Thursday, January 9, 2020

Faithful vs. Fearful: It Matters Who’s Victorious

2003 photo of "Old Faithful," by Phil 
Konstantin, via Wikipedia.
When you hear the word “faithful," what comes to mind? A loyal pooch – maybe even a service dog – that’s always there when needed, no matter what? A spouse who has never strayed, even in times when their own trust was put to the test? Or perhaps, an employee who has worked for a company without fail, even in periods of great adversity? The geyser, “Old Faithful,” in Yellowstone Park that spouts off predictably every day?

I’m tempted to think in those terms as well, but at its heart, faithful means to be “full of, or filled with faith.” This faith, in turn, might be the single-most factor that enables a canine to be there whenever needed, a spouse to remain true to his or her wedding vows, or a worker to continue to carry out job responsibilities even during tough times.

As we read the Scriptures, we find the term “faithful” used somewhat differently, however. For instance, in one of my favorite verses, 2 Timothy 2:2, the apostle Paul admonishes, “And the things you have heard from me in the presence of many witnesses, these entrust to faithful men who will be able to teach others also.” Okay, you might be thinking, but what does Paul mean by “faithful”?

We get a clue in the 11th chapter of Hebrews, the so-called “hall of faith,” which presents an impressive list of people who exhibited extraordinary faith throughout biblical history. This list begins with Abel, who died at the hands of his envious brother, Cain, and proceeds to cite people like Enoch, Noah, Abraham, Jacob, Joseph, Moses, Gideon, Samson, David, Samuel the prophet, even a prostitute named Rahab.

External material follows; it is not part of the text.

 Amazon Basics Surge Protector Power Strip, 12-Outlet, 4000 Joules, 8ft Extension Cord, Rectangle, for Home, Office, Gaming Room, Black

So, what was it that singled them out as faithful people? I think there’s a simple answer to that: They weren’t fearful. Or to state it another way, they weren’t filled with fear.

Each of these men and women, if you study their stories in the Scriptures, could have found many reasons to be fearful. Instead, they chose to remain faithful – to the God they believed in and served, and to the unique callings the Lord had placed on their lives.

We might argue, “Yes, but that was centuries, even thousands of years ago. What does that have to do with us?” Times may have changed, technology may have revolutionized ways in which we live, but the nature of humanity isn’t very different from what it was back in their day.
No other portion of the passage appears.